Bu her şeyi açıklardı... Baekhyun ayağa kalktı. "Chanyeol, bir şey yapmalıyım."
"Ne?"
"Sadece burda kal. Geri döneceğim. Okula giriyorum."
"Dersi astık Baekhyun, yakalanacaksın."
"Şu an umrumda değil, geri döneceğim, burda kal." dedi Baekhyun okula doğru yürüyerek. Chanyeol tekrar ağaca yaslandı ve Baekhyun giderken arkasından poposuna baktı. Kendi kendine sırıttı.
~
Baekhyun koridor boyunca yürüdü, Kyungsoo dolabının önündeydi.
"Kyungsoo!" diye bağırdı.
Kyungsoo ona baktı, hemen ardından gözlerini kaçırdı. Baekhyun yanına yürüdü. "Kyungsoo.. Sen benden hoşlanıyor musun?" Kyungsoo'nun gözleri büyüdü, cevap vermedi. Sadece eşyalarını dolaba koymaya devam etti.
"Hadi ama... Üzgünüm.." dedi Baekhyun üzgün bir yüzle.
"Senden hoşlanmıyorum."
"Emin misin?"
"Evet."
"Ama o zaman geçen gece duvarıma ne yazdın?"
"Senin duvarına yazmak istememiştim."
"Yani benim profilime tıklayıp, duvarıma bir şey yazmak istememiştin?"
"Evet."
"Hm."
"Şimdi küçük pislik arkadaşlarına geri dönüp eğlenmene devam edebilirsin."
"Kyungso-"
"Ben, ve BENİM arkadaşlarım, şimdi senden nefret ediyoruz."
"Hayır etmi-"
"Evet. Ediyoruz. Artık Baekhyun değilsin, ve evet, senden hoşlanıyorum. Ama artık umursamadığını biliyorum, bu yüzden pes ettim. Senden hoşlanıyorum, senden hoşlanıyorum, senden geçtiğimiz 6 yıl boyunca hoşlanıyordum. Evet, senin için hisler duymaya başladığımda 10 yaşımızdaydık. Evet bütün hoşlandığın kişileri kıskandım, ve evet Jaejoong'dan nefret ediyorum çünkü sen ondan hoşlanıyorsun. Şimdi bu lanet şeylerin üstesinden gelmeye çalışıyorum, bu yüzden senin arkadaşın olmak istemediğim için o kadar da kötü hissetmiyorum. Öyleyse, ben şimdi gidiyorum." Bunları söyledikten sonra dolabının kapısını çarptı.
"Kyungsoo-"
"Sadece sus Baekhyun, sesin şu an kulaklarıma cehennem işkencesi gibi geliyor."
"P-peki. Benim de sana ihtiyacım yok zaten. Hepinizden nefret ediyorum." dedi Baekhyun arkasını dönüp dışarı çıkarken.
NOT: Alttaki paragrafı okumak istemeyenler atlayabilir. Pek bir şey yok ama... ^^
~
Baekhyun Chanyeol'un kolları tarafından sarılmıştı ve Chanyeol'un göğsünde yatıyordu. Okullarındaki küçük bir odadaydılar.

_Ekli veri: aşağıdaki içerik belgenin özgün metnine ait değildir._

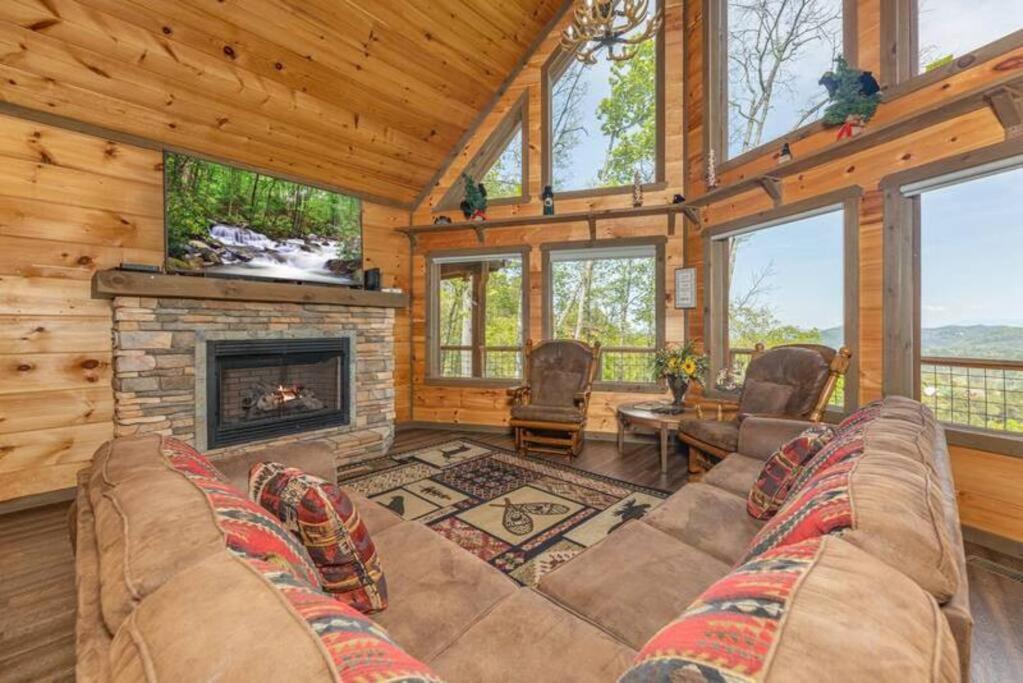 The Appalachian - Your Pigeon Forge Dream Cabin Sevierville Exterior foto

"Tüm zaman boyunca sadece sarılacak mıyız, yoksa.."
"Tamam, birazcık eğlenebiliriz."
"Evet, bahsettiğim şey buydu." dedi Chanyeol dudaklarını Baekhyun'un dudaklarına bastırarak. Baekhyun neredeyse düşecekti ama, Chanyeol'un kolları onun etrafındaydı. Öpüşüne karşılık vermeye başladı ve bedenini Chanyeol'a daha fazla ittirdi.
Bir süre sonra muhtemelen en ateşli zamanlarıydı. Chanyeol dudaklarını Baekhyun'un dudaklarından ayırıp nazikçe boynunu öpmeye başladı. Baekhyun gözlerini kapattı ve dudağını ısırdı. Asla böyle hissetmemişti.
Chanyeol'ün elleri Baekhyun'un alt taraflarına, poposuna doğru yolculuğa çıktı, hafifçe sıktı. Sonra bir inleme gelince Baekhyun'un boynuna doğru sırırttı. Hafifçe boynunu ısırdı, böylece birçok iz bırakacaktı. Ama umursamıyordu, ilk kez inlemişti.
Dudaklarını tekrar Baekhyun'un dudaklarına bastırarak onun alt dudağını yaladı. Baekhyun havanın sıcaklaşmaya başladığını hissediyordu.
~
Nefes nefese birbirlerinden ayrıldılar. Baekhyun'un yüzü kıpkırmızıydı. "Sanırım eve biraz erken gitmeliyiz.." dedi Chanyeol.
Baekhyun ona katıldı. "Ben de öyle düşünüyordum.. Bu yaptığım ilk cinsel şeydi.."
Chanyeol sırıttı. "Benim için değil."
"C-Chanyeol... Benden önce kaç kişiyle yaptın?"
"Hm.. 6 kadar kişiyle."
"Kız mı erkek mi?"
"5 kız, bir erkek."
"Bekle, daha önce bir erkekle yaptın mı?"
"Evet."
"Altta mıydın üstte mi?"
"Alttaydım."
"Kimdi?!"
"Şimdi sana söylemeyeceğim."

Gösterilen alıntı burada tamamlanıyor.